The upgrades come as the Pentagon in recent years has been quietly working on a network defense system plan to intercept and shoot down low-flying missiles.
In 2017, then-NORAD commander Gen. Lori Robinson said the U.S. and Canada were working on upgrades to protect against cruise missile threats posed by countries such as Russia and North Korea -- the first substantial buildup in more than two decades.
Robinson said that the two countries had established a "binational steering group to manage the eventual replacement of the North Warning System, which is our network of surveillance radars across Alaska and northern Canada."
"That study is ongoing," Coates said. "We're not in a position yet to know what the recommendations are … [but] we're looking at … what capabilities are most beneficial moving forward."

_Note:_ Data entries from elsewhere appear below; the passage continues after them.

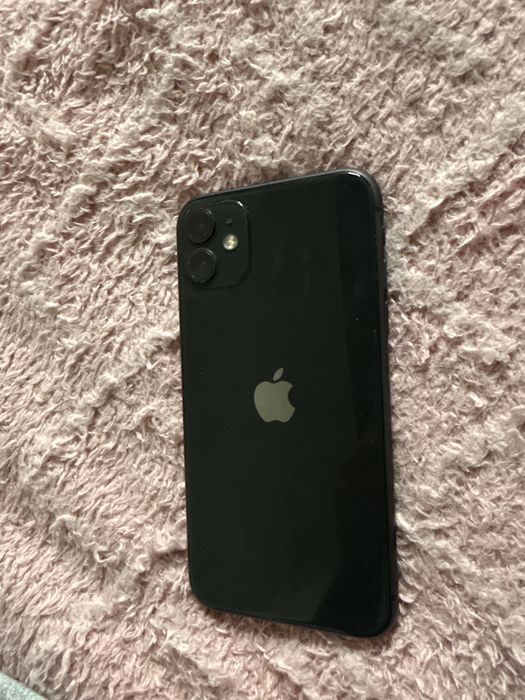 Айфон 11 64 гб .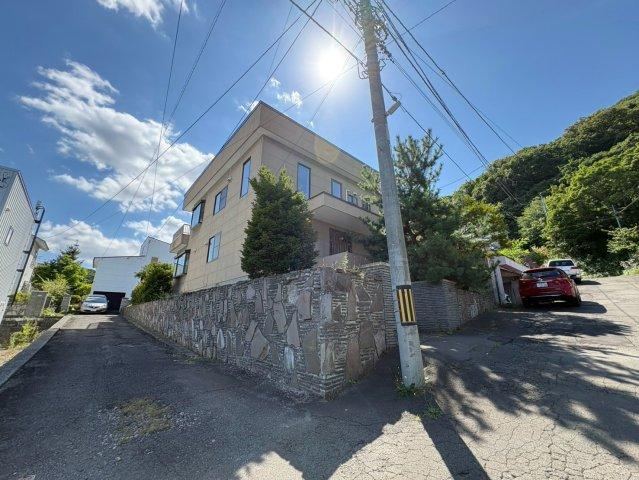 6LDK house in Nishi Ward, Sapporo, Hokkaido - Photo 1
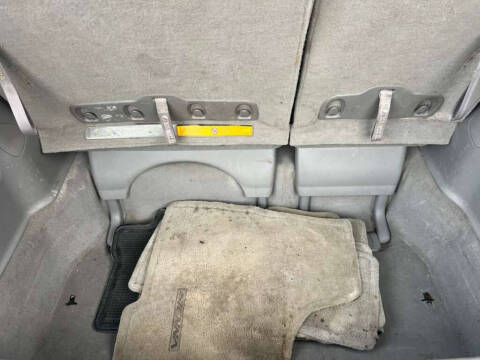 2004 Toyota Sienna LE 7 Passenger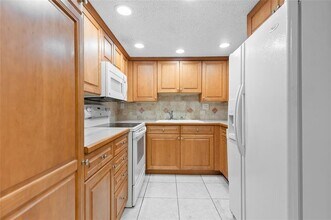 11101 Royal Palm Blvd in Coral Springs, FL - Building Photo - Building Photo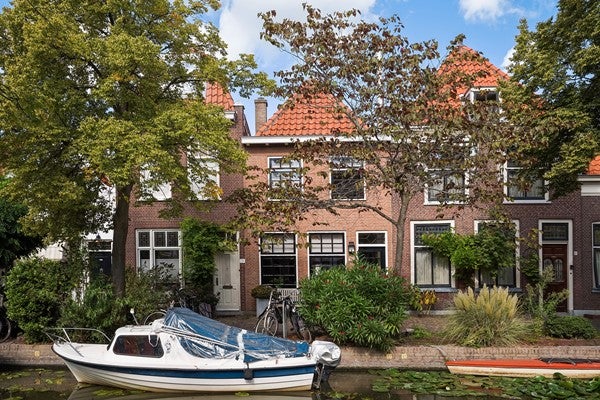 Huis Buitenwatersloot 122 in Delft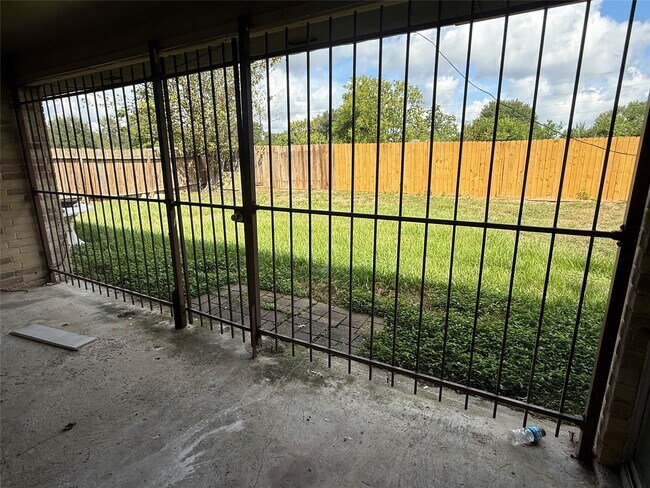 Building Photo - 2114 W Greens Rd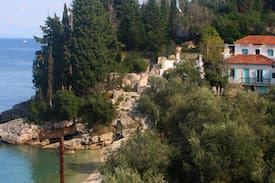 Longos Cabin | Levrechio Postcard Villas - Melodia - Loggos Paxos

The current warning system architecture will eventually atrophy, he said, so a comprehensive, cross-domain surveillance system is necessary.

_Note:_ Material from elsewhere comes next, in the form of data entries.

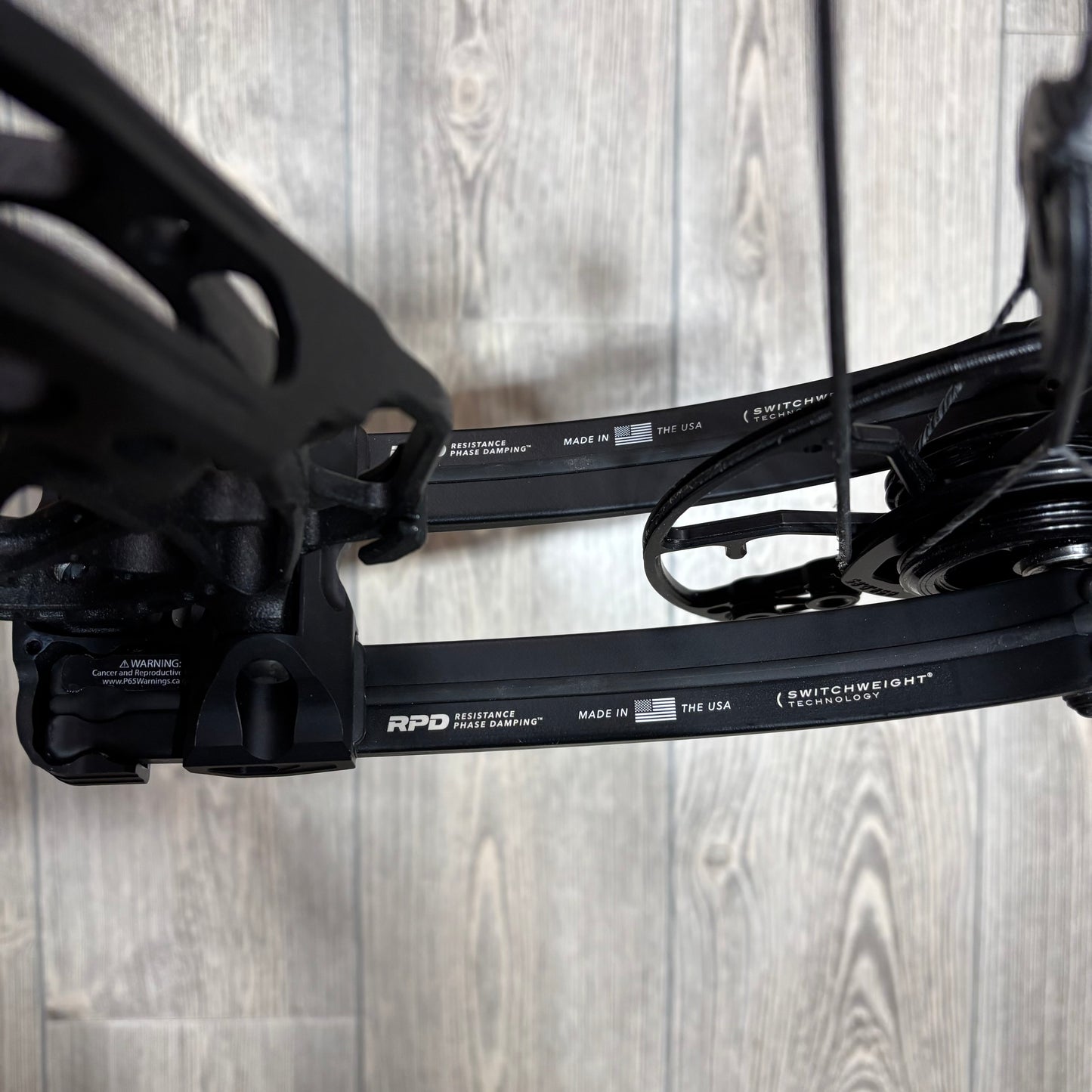 Used Mathews ARC 34 RH Black with SysymX Strings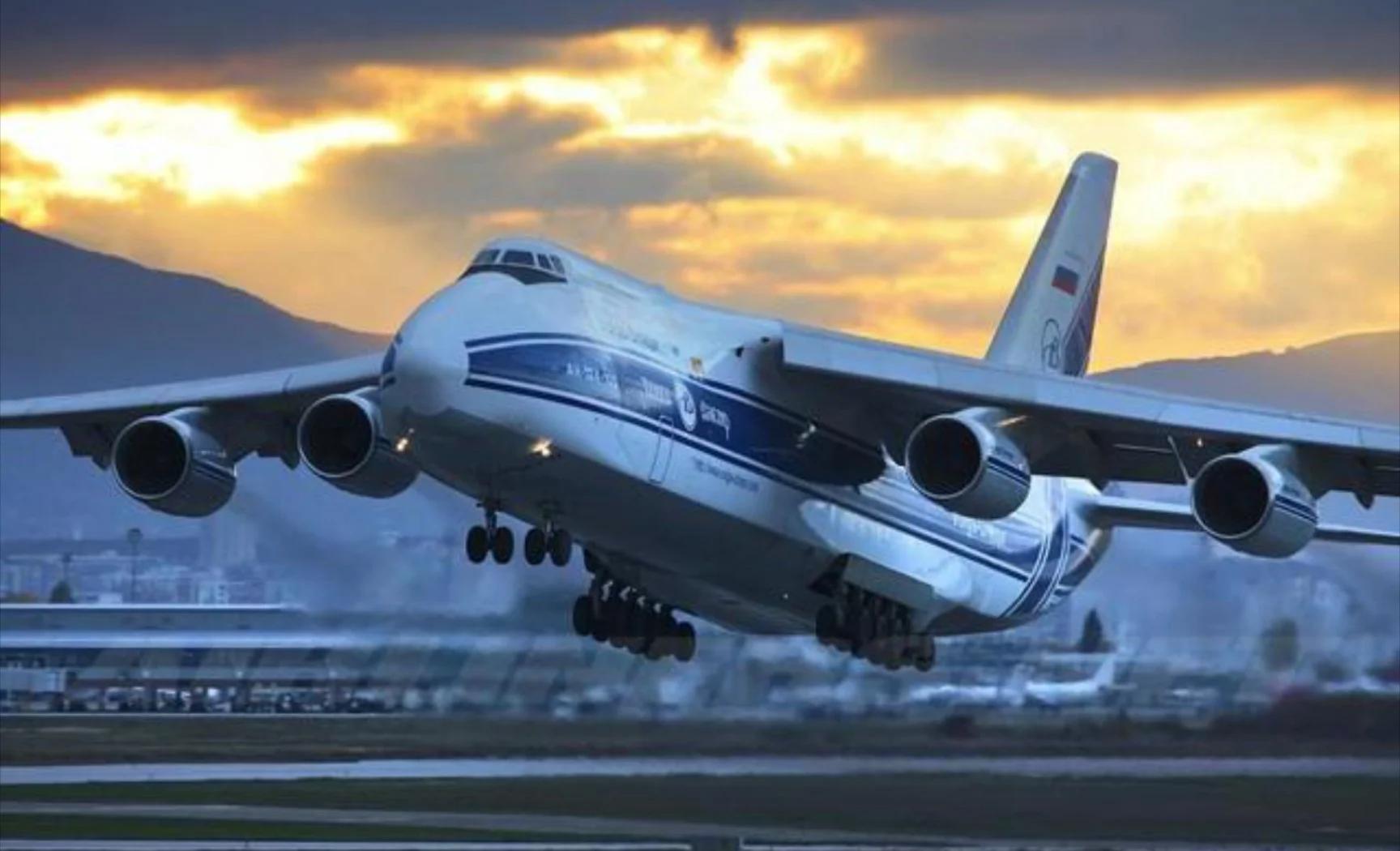 拍摄安-225运输机，为何中国卫星图像是黑白，不及...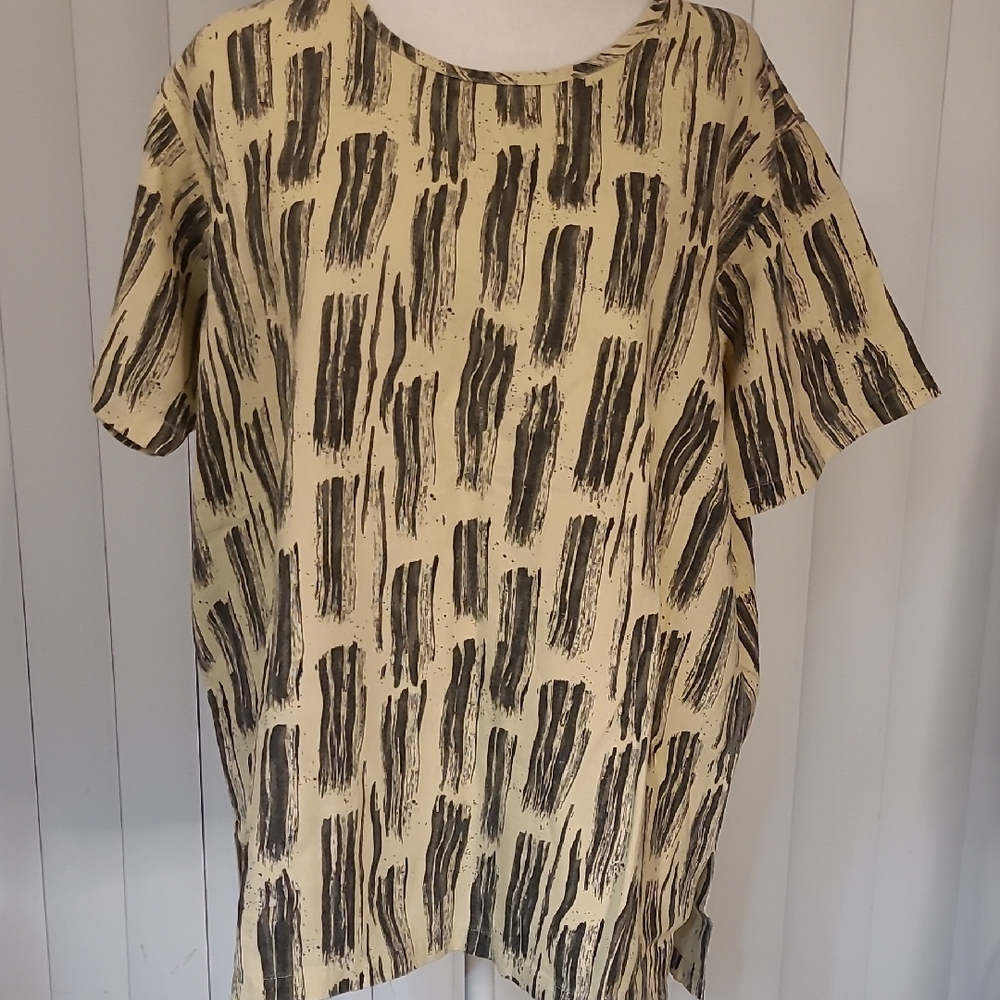 Chico's Abstract Patterned⁶6 Beige and Black Top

The key is persistence, he said, as NORAD aims for advanced line of sight to monitor, track and defend against evolving hazards.
"We're looking at sensor and command-and-control systems that can synthesize information, that can sense information or sense across domains all at once and help us makes sense of" information, Coates said.
While the U.S. already uses satellites to monitor global missile activities, there is need for "technologies that will allow us to observe further, and with more accuracy and more precision -- well beyond the range of our current sensors," he said, "whether those are a combination of platforms in the air -- and maybe those are a combination of sensors ... with radars that are on [unmanned aerostats] … or some kind of an early airborne warning platform, or space-based sensors."
That could include "a combination of low and high satellites with different revisit rates over various places," Coates said. "It's not science fiction; it's taking advantage of capabilities, both those that we have today, modernized and integrated, and then the possibility of what we will need in the next decade to come."
Deterring Adversary Gains
The necessity for additional tech comes as officials anticipate more high-speed, precision-strike weapons -- below the nuclear threshold -- advanced enough to pose a threat to cities across North America.
"We've seen our adversaries develop very long-range, advanced, stealthy, hard-to-detect cruise missiles," Coates said, referring to Russian activity in Syria. "The notion that Russia or any other nation would aim weapons at North America, is [not] new."
Then in February, Putin said Russia had tested a ship-based hypersonic missile. Called "Tsirkon," the missile can travel at Mach 9 and hit sea- or land-based targets, he said during his annual state of the nation address, according to CNBC.
"We're directly involved in the aerospace warning problems that we have now, and we're thinking about the future," Coates said, referring to hypersonic weapons.
NORAD is looking for new ways to have more eyes in the sky, even if the technology might not exist yet.
"Maybe there's a capability like [tethered unmanned aerostats] that would be an option at some point for the Arctic. Maybe there's developing capabilities that allow us to keep surveillance, like an [unmanned aerial vehicle], airborne indefinitely, for days or weeks instead of hours," Coates said. "That doesn't exist, but we're certainly interested."